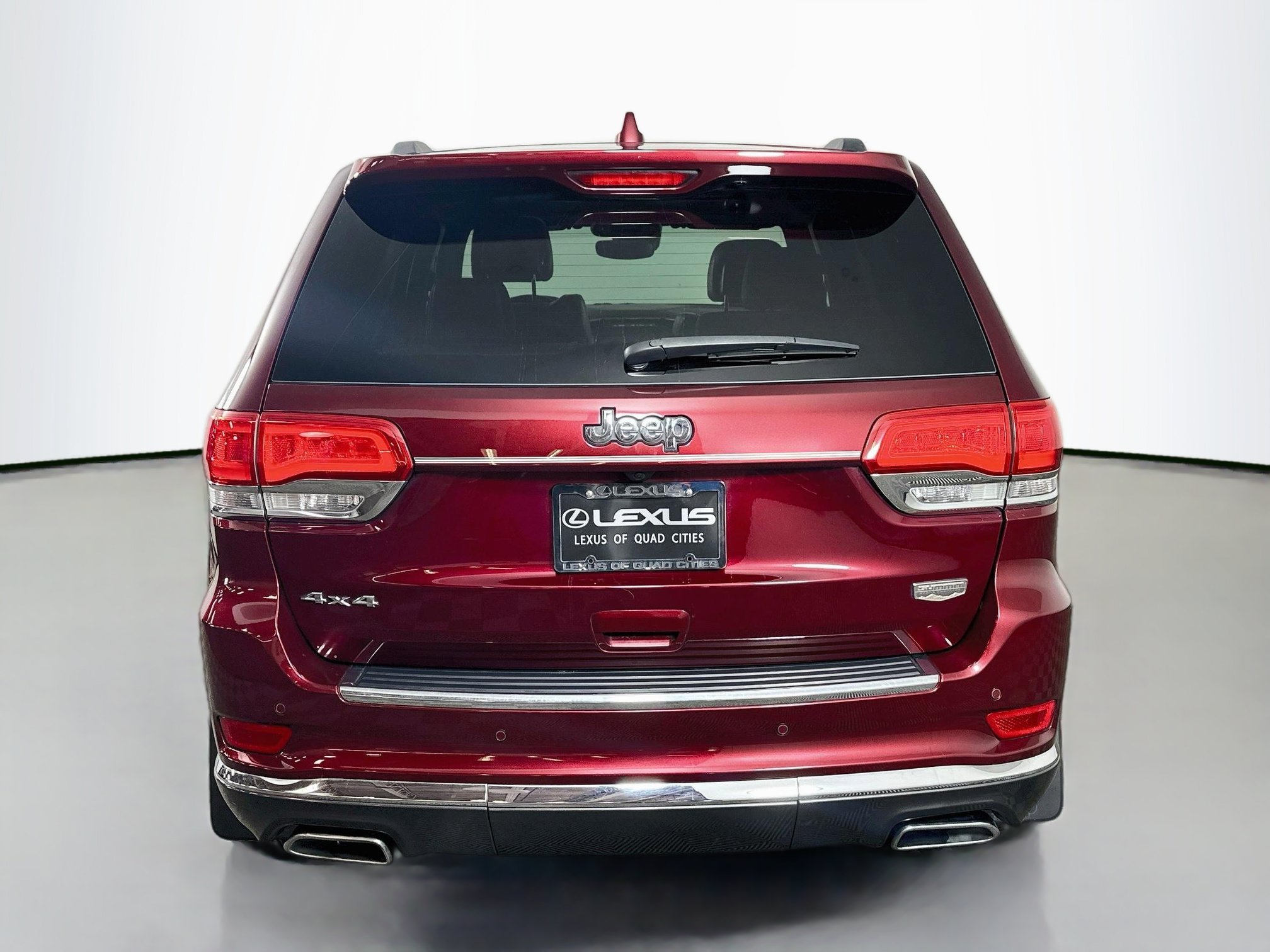 Used 2017 Velvet Red Pearlcoat Jeep Summit image 6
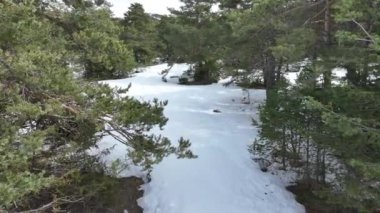 Greolieres-Les-Neiges kayak merkezinin insansız hava aracı görüntüsü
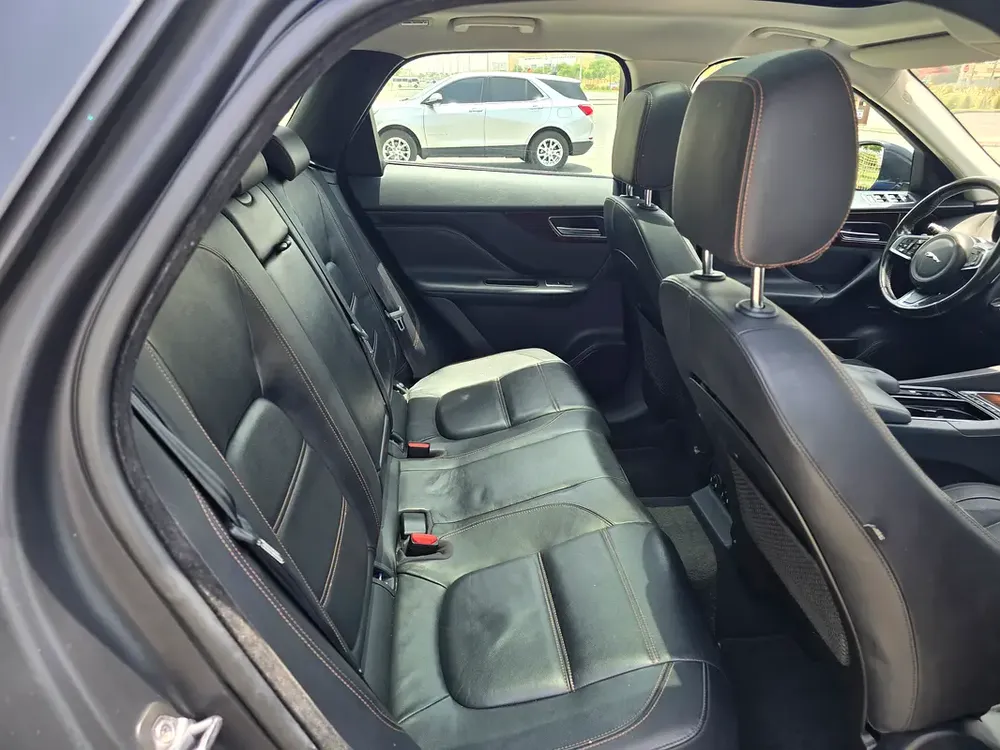2018 F-PACE GCC - Image 7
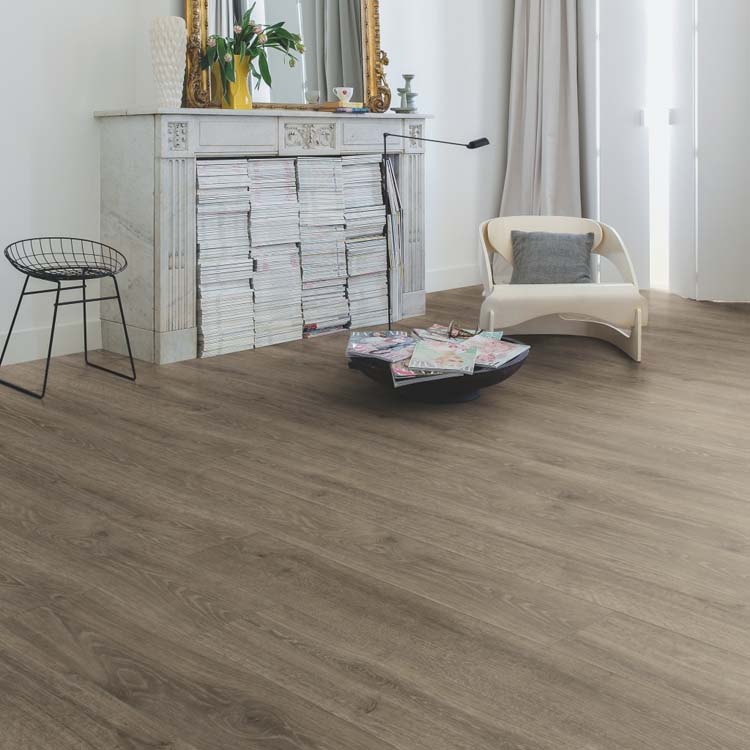 Sol stratifié Quick-step Majestic 9,5mm - Chêne des Bois marron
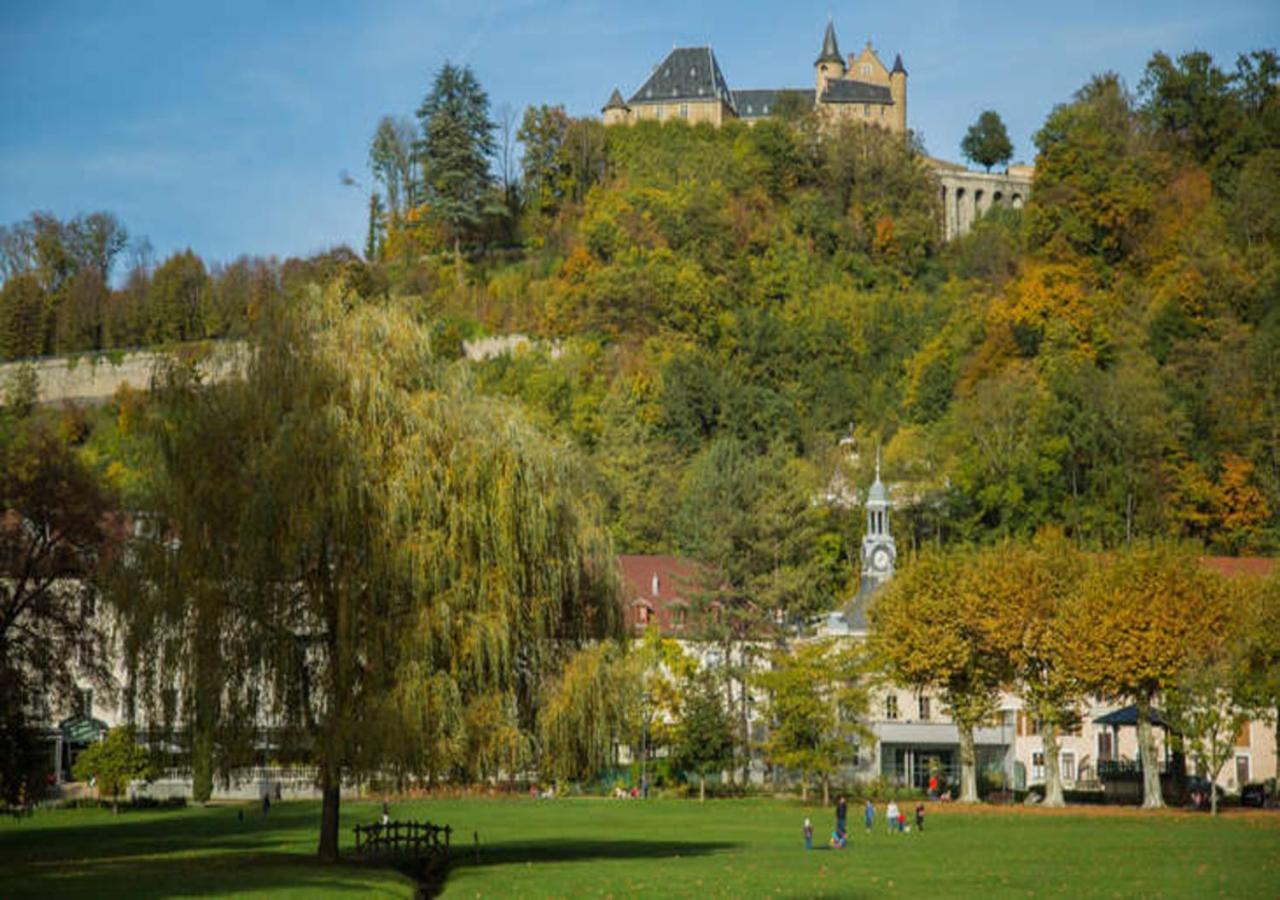 Appartement Chateau Uriage-Chamrousse Saint-Martin-dʼUriage Esterno foto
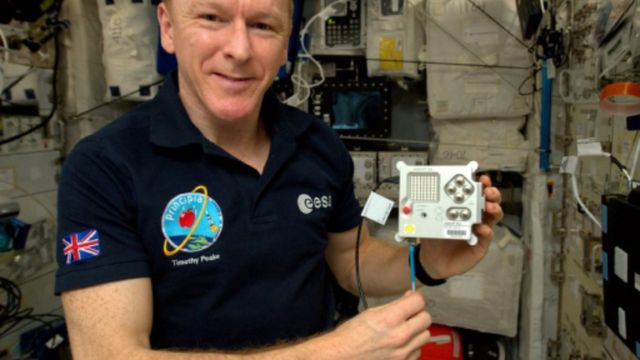 Astronauta con el Astro Pi Izzy en la Estación Espacial Internacional.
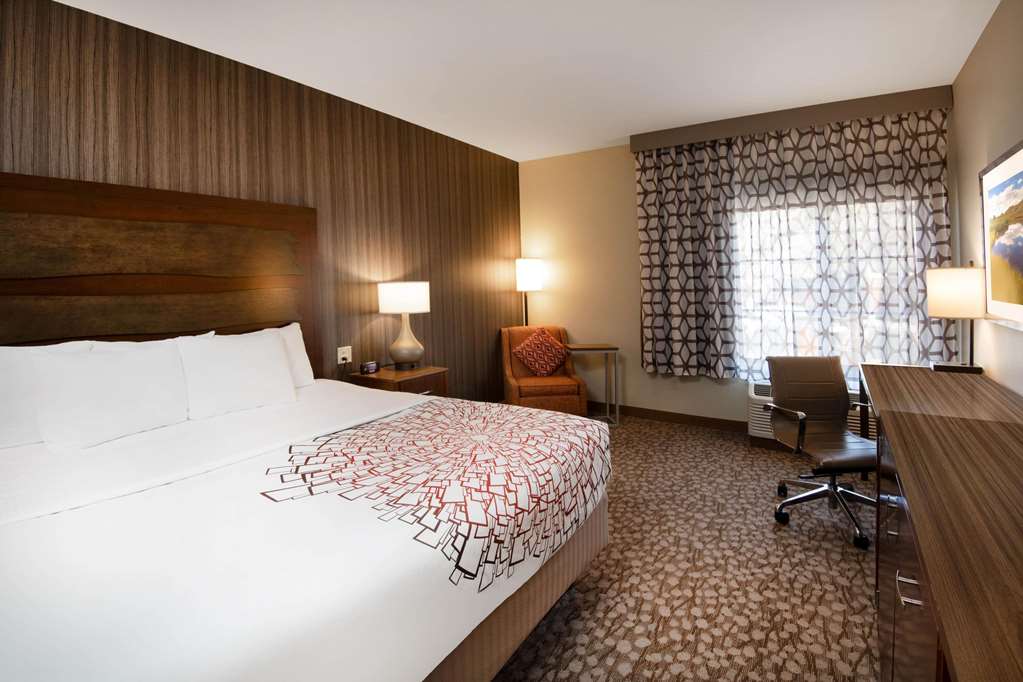 La Quinta Inn & Suites by Wyndham Durango - photo 14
---
## AIM OF THE TASK
Word for word, restate the lines from the line with "Sol stratifié Quick-step" through the last line of the entries, and nothing beyond them. Omit pictures.

## ANSWER TO THIS EXERCISE
 Sol stratifié Quick-step Majestic 9,5mm - Chêne des Bois marron
 Appartement Chateau Uriage-Chamrousse Saint-Martin-dʼUriage Esterno foto
 Astronauta con el Astro Pi Izzy en la Estación Espacial Internacional.
 La Quinta Inn & Suites by Wyndham Durango - photo 14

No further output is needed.